I have a lot of opinions about technology - what's feasible, what isn't, what the best ways to do things are, and so on. Sometimes I write them down on my blog, but usually I don't. I also know some people who are good at designing technology.
If you want my personal opinion on some technology or technological problem, I guess you can ask me here.
What is your opinion on general robotics (driven by an early form of AGI) and then robotics self manufacturing?
I have personally thought that using a technique that is a straightforward expansion of LLM training, but you train on human manipulation from all available video, would give you a foundation model. Then you would add rl fine tuning and millions of simulated years of RL training to the foundation model to develop excellent and general robot performance.
Do you think this isn't that straightforward or near term?
I ask because if robots can go from their narrow and limited roles now to performing most tasks if given information like (an example or a prompt or a goal schematic) it would change everything.
It would trivialize energy transitions for one. And deep mining and ocean mining and so on. (Because you task some robots with building and assembling others, some with building and deploying energy collection, some with mining, and are now rate limited not really by money directly but by materials, regulations, energy, or mining rights)

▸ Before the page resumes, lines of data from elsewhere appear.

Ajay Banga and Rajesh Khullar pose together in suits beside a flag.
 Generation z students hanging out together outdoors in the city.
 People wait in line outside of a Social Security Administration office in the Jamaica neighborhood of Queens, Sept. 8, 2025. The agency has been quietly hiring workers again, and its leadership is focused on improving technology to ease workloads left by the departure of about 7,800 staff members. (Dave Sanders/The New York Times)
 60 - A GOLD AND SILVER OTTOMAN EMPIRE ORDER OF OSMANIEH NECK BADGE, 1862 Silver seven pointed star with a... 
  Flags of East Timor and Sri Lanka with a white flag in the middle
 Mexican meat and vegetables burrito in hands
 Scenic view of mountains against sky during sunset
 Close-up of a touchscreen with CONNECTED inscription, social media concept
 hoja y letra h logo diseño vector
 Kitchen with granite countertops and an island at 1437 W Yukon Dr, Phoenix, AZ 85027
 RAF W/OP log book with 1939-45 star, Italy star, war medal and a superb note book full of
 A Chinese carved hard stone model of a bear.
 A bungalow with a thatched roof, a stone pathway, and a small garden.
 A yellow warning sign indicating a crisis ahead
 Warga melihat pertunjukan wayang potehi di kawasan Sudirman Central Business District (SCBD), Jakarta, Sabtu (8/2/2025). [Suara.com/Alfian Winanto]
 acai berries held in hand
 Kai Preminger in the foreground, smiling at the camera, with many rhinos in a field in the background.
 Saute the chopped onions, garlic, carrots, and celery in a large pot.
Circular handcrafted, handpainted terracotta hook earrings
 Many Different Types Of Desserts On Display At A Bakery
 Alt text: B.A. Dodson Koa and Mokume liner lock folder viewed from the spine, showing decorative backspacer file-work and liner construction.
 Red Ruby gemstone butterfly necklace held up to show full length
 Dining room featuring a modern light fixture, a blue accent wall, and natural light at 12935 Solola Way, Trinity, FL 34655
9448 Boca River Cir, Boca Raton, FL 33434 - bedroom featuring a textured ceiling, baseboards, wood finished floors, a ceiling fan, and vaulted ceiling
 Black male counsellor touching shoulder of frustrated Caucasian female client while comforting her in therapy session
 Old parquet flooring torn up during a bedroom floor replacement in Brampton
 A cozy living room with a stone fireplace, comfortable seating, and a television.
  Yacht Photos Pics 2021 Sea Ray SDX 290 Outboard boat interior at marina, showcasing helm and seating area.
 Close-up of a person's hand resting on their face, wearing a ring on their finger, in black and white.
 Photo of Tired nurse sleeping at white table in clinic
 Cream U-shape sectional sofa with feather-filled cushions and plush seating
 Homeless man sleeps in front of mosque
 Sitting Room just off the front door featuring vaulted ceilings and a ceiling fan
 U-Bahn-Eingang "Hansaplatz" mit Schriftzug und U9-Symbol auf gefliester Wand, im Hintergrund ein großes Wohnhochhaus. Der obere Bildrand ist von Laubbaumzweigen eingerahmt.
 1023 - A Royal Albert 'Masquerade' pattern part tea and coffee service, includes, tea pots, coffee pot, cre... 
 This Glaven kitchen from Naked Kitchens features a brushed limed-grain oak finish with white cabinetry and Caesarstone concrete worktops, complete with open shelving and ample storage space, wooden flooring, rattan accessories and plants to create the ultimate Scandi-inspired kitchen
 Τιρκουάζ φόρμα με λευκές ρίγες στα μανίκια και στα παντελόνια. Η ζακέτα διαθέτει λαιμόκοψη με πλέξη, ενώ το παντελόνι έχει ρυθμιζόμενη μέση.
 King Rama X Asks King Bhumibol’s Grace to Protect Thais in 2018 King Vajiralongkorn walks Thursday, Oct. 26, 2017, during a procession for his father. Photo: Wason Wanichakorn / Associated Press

Your opinions must rest on an assumption that this problem cannot be solved anytime soon. How confident are you in this belief? What are the obstacles you believe are limiting in developing such a robotics technique?
Past efforts failed but didn't have sufficient compute, and a multimodal technique as described would need all the compute for gpt-4 plus all the compute for image processing, as well as much more training and quality checks during inference. So essentially the technique has never once been attempted at scale.